Sepia is a reddish-brown color, named after the rich brown pigment derived from the ink sac of the common cuttlefish Sepia. The word sepia is the Latinized form of the Ancient Greek word σηπία (sēpía), meaning cuttlefish.

== In the visual arts ==
Sepia ink was commonly used for writing in Greco-Roman civilization. It remained in common use as an artist's drawing material until the 19th century. In the last quarter of the 18th century, Professor Jakob Seydelmann of Dresden developed a process to extract and produce a concentrated form of sepia for use in watercolors and oil paints.

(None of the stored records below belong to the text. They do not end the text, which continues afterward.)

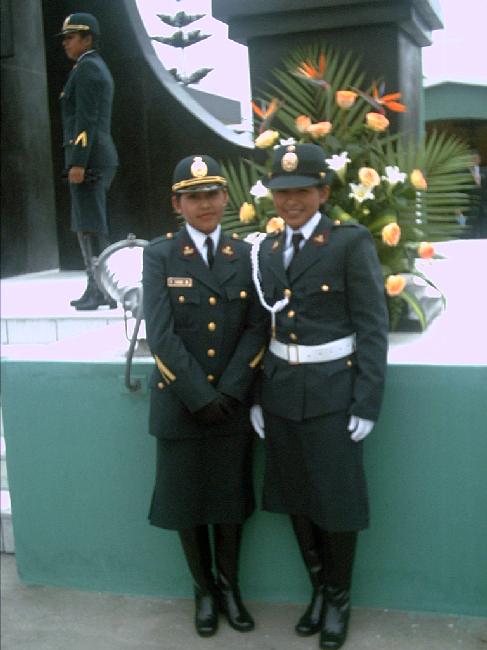 Re: more peru policewomen 17340-re--more-peru-policewomen.jpg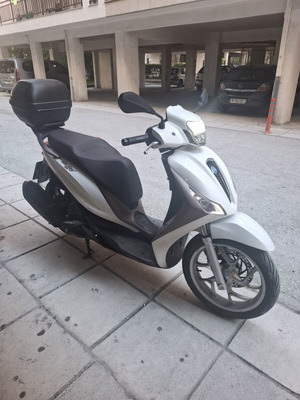 Piaggio Medley 150 σκούτερ σαν καινούργιο, 18000 χλμ, αυτόματο, άσπρο
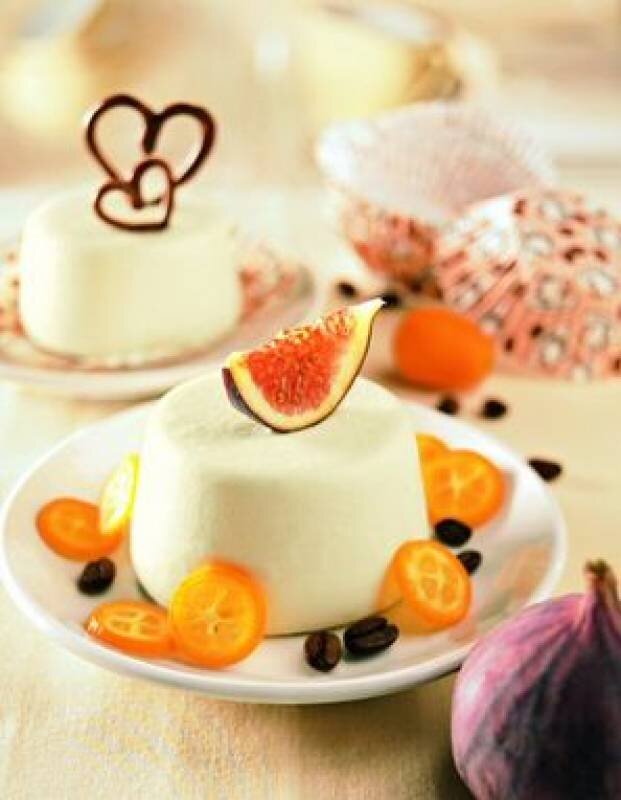 Fehér kávémousse fügével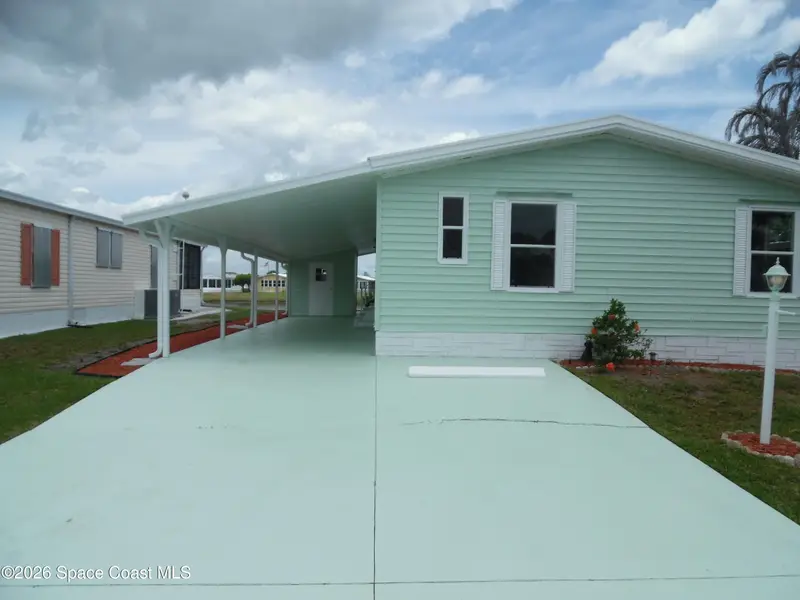 1040 E Dracena Drive E P28, Micco, Fl 32976, FL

Sepia toning is a chemical process used in photography which changes the appearance of black-and-white prints to brown. The color is now often associated with antique photographs. Most photo graphics software programs and many digital cameras include a sepia tone filter to mimic the appearance of sepia-toned prints.

== Other uses ==
In the 1940s in the United States, music intended for African American audiences was generally called race music or sepia music until the development of the expression rhythm and blues (R&B). There was a magazine for African-Americans called Sepia, which existed from 1947 to 1983 (although the name Sepia was only applied after a change of ownership in 1953).

Acclaimed Russian director Andrei Tarkovsky used a sepia tone in his 1979 science-fiction film Stalker to visually distinguish scenes set in the ordinary world from the world of the forbidden Zone, which is portrayed in color.